Mark Lewington, Etal, V Frank And Nancy Parsons, Appelllants

CourtCourt of Appeals of Washington
DecidedMay 3, 2016
Docket47022-5
StatusUnpublished

This text of Mark Lewington, Etal, V Frank And Nancy Parsons, Appelllants (Mark Lewington, Etal, V Frank And Nancy Parsons, Appelllants) is published on Counsel Stack Legal Research, covering Court of Appeals of Washington primary law. Counsel Stack provides free access to over 12 million legal documents including statutes, case law, regulations, and constitutions.

Bluebook
Mark Lewington, Etal, V Frank And Nancy Parsons, Appelllants, (Wash. Ct. App. 2016).

Opinion

Filed Washington State Court of Appeals Division Two

May 3, 2016

IN THE COURT OF APPEALS OF THE STATE OF WASHINGTON

DIVISION II MARK C. LEWINGTON, a Washington No. 47022-5-II resident; NOEL P. SHILLITO and LAURIE A. SHILLITO, husband and wife and Washington residents; DANIEL P. OSTLUND and MARIE F. OSTLUND, husband and wife and Washington residents; and ELIZABETH T. WIGHT, a Washington resident, UNPUBLISHED OPINION Respondents,

v.

FRANK I. PARSONS and NANCY A. PARSONS, husband and wife, and Washington residents,

Appellants.

BJORGEN, C.J. — Frank and Nancy Parsons (the Parsons) appeal the trial court’s order

granting summary judgment to Mark Lewington, Noel and Laurie Shillito, Daniel and Marie

Ostlund, and Elizabeth Wight (the Neighbors).

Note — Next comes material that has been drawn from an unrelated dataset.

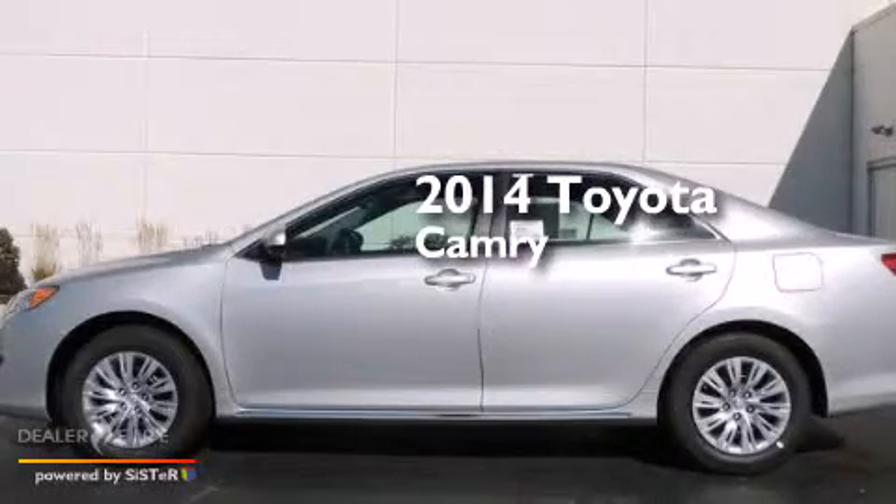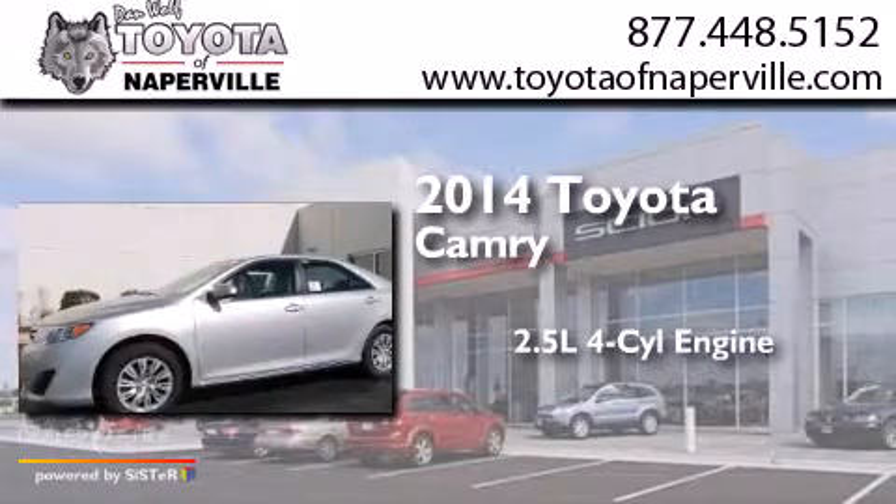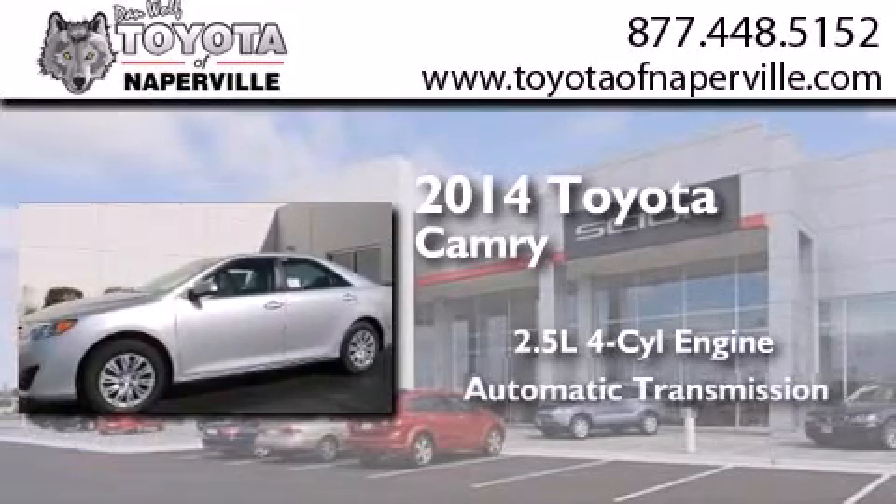This is a brand new 2014 Toyota Camry. It has a 2.5 liter 4-cylinder engine and an automatic transmission.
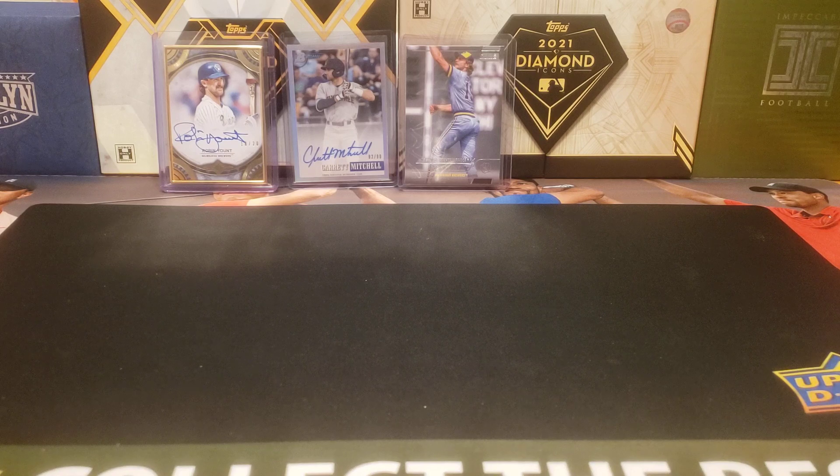So there you have it folks — just three cards this week, a couple of autos and that really hard to get parallel out of Topps Stadium Club. What do you think about this week's pickups? Feel free to leave a comment below, hit that like and subscribe button. Thanks for watching everybody, stay safe out there and I will see you later.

The parties all live in the Narrowmoor Third Addition in Tacoma, which has a set of

restrictive covenants that apply to all residents living there. Covenant A prohibits homes from

exceeding “two stories in height.” Clerk’s Papers (CP) at 17. The Parsons constructed an No. 47022-5-II

additional story on top of their one-story home with a daylight basement, contending that the

daylight basement does not constitute a story under Covenant A. The Neighbors disagreed and

brought suit. The trial court granted summary judgment to the Neighbors, ruling that the

language of Covenant A was unambiguous and a daylight basement counted as a story; that the

Parsons’ equitable defenses of collateral estoppel, acquiescence, and abandonment failed as a

matter of law; and that the Parsons were enjoined from constructing an additional story over their

home.

On two threshold matters, we hold that (1) the trial court erred in failing to dismiss the

Shillitos from this lawsuit for lack of standing and (2) the trial court did not err in granting

summary judgment in favor of the Neighbors on the issue of collateral estoppel.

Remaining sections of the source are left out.